PS: Fox Sports 1 and 2 are also in 720p.


----------



## Richard (Apr 24, 2002)

Most local channels, at least the ones where I live, use sub channels also. So, that NFL game is bandwidth starved to begin with, then it gets compressed via DirecTV so by the time you see it, it's not in that great of shape.
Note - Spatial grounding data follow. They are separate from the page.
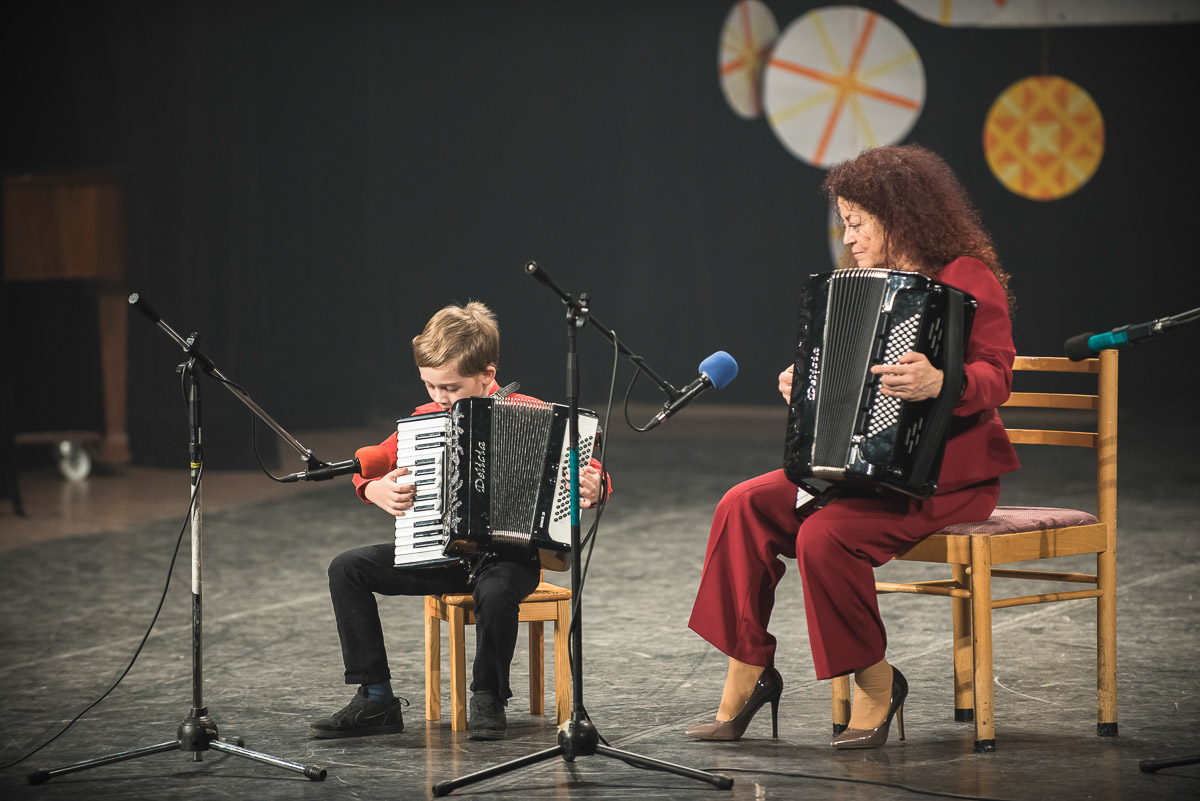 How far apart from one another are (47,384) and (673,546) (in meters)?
3.80

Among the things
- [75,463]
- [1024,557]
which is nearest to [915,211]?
[1024,557]

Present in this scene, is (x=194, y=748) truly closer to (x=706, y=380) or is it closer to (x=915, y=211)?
(x=706, y=380)

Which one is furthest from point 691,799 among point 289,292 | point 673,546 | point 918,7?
point 918,7

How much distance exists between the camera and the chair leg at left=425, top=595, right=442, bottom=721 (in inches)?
113

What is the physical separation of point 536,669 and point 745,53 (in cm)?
686

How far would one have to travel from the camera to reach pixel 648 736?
278cm

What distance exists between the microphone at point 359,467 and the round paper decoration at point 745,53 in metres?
6.71

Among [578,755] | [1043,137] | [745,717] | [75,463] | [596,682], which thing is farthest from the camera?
[1043,137]

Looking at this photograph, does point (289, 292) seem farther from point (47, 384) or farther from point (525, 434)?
point (525, 434)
Can you view your OTA channels with an Antenna? if so, try and compare the Picture Quality.


----------



## ejbvt (Aug 14, 2011)

This is up to your locals. I can watch Panthers preseason on two channels WFMY Greensboro (CBS) and WTVD Durham (ABC). Despite WTVD running HD on 11-1 and 11-2, the PQ of the football on WTVD is FAR superior to that of WFMY. Locals are hit or miss, which is sad. If they had the DNS channels to compete (you know.. capitalism) with, I think things would change. But, until the FCC stops protecting locals in a certain areas, they have no need to improve. (Granted, DNS won't improve Panthers football, but you get the idea...)


----------



## peds48 (Jan 11, 2008)

let's not forget that 720p has 60 frames per second and 1080i has 30 frames per second but has 60 _fields/s. _So at the end both could be considered havnig 60 frames but with the interlaced and progressive making the difference on how those frames/fields are processed.


----------



## Rich (Feb 22, 2007)

jimmie57 said:


> They chose that because it is 60 fps and the 1080i is 30 fps. The 720p is supposed to get less blurriness in fast motion. I don't know if it is a fact or not.
> 
> PS: Fox Sports 1 and 2 are also in 720p.
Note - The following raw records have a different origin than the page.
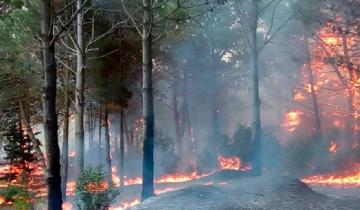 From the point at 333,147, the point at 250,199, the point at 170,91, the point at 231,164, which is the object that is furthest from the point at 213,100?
the point at 250,199

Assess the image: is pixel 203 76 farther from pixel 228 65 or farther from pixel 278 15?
pixel 278 15

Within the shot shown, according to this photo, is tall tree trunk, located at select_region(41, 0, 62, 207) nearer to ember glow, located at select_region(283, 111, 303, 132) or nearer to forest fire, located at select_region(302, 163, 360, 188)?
forest fire, located at select_region(302, 163, 360, 188)

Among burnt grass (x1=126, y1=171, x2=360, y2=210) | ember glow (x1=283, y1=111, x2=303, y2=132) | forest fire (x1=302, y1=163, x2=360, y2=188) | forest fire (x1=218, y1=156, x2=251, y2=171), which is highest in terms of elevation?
ember glow (x1=283, y1=111, x2=303, y2=132)

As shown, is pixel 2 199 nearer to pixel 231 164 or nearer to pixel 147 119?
pixel 147 119

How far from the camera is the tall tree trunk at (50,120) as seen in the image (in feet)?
22.8

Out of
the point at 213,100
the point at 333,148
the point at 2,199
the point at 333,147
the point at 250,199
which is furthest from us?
the point at 213,100

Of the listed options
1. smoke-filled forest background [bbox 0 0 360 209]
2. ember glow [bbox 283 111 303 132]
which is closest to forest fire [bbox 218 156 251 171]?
smoke-filled forest background [bbox 0 0 360 209]

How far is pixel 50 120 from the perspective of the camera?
706 centimetres

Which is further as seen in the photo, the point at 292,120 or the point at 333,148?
the point at 292,120

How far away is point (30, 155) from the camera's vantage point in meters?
26.5

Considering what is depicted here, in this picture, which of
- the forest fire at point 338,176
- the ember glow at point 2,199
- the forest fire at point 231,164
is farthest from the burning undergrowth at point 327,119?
the ember glow at point 2,199

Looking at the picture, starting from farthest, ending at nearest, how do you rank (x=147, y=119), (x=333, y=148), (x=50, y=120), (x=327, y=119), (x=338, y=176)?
1. (x=327, y=119)
2. (x=333, y=148)
3. (x=338, y=176)
4. (x=147, y=119)
5. (x=50, y=120)

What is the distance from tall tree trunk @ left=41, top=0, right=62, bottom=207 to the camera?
6961 mm

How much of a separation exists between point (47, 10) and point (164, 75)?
2804 cm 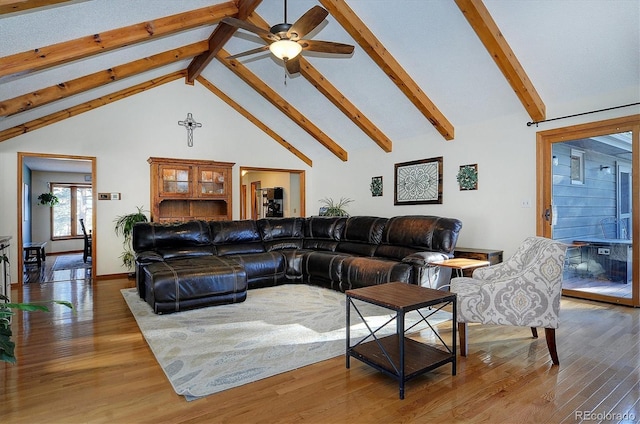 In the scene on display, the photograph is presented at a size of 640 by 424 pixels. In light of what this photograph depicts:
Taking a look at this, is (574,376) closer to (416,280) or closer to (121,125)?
(416,280)

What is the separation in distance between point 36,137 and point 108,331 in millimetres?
4065

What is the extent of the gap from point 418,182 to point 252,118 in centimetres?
371

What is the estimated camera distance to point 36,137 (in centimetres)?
561

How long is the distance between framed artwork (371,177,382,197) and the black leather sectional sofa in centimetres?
136

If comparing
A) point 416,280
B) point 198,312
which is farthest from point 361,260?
point 198,312

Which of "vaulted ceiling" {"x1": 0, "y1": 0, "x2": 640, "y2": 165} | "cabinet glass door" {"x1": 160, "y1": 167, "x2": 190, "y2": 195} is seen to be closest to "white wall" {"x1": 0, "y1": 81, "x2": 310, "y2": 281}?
"vaulted ceiling" {"x1": 0, "y1": 0, "x2": 640, "y2": 165}

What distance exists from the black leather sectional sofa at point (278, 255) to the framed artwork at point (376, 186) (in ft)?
4.45

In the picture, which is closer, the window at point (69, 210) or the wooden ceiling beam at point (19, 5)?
the wooden ceiling beam at point (19, 5)

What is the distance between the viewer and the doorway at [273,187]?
818cm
I don't see any blurry moments on my plasmas. I did look at a lot of LCDs sets a couple of years ago and I saw lots of things I've never seen on my plasmas.

A friend of mine paid over 2 grand for a Sony LCD, small size, 60 Hertz, several years ago. I watched a Yankees game on it and saw Jeter run from first to second in what looked like a frame a second.

Rich


----------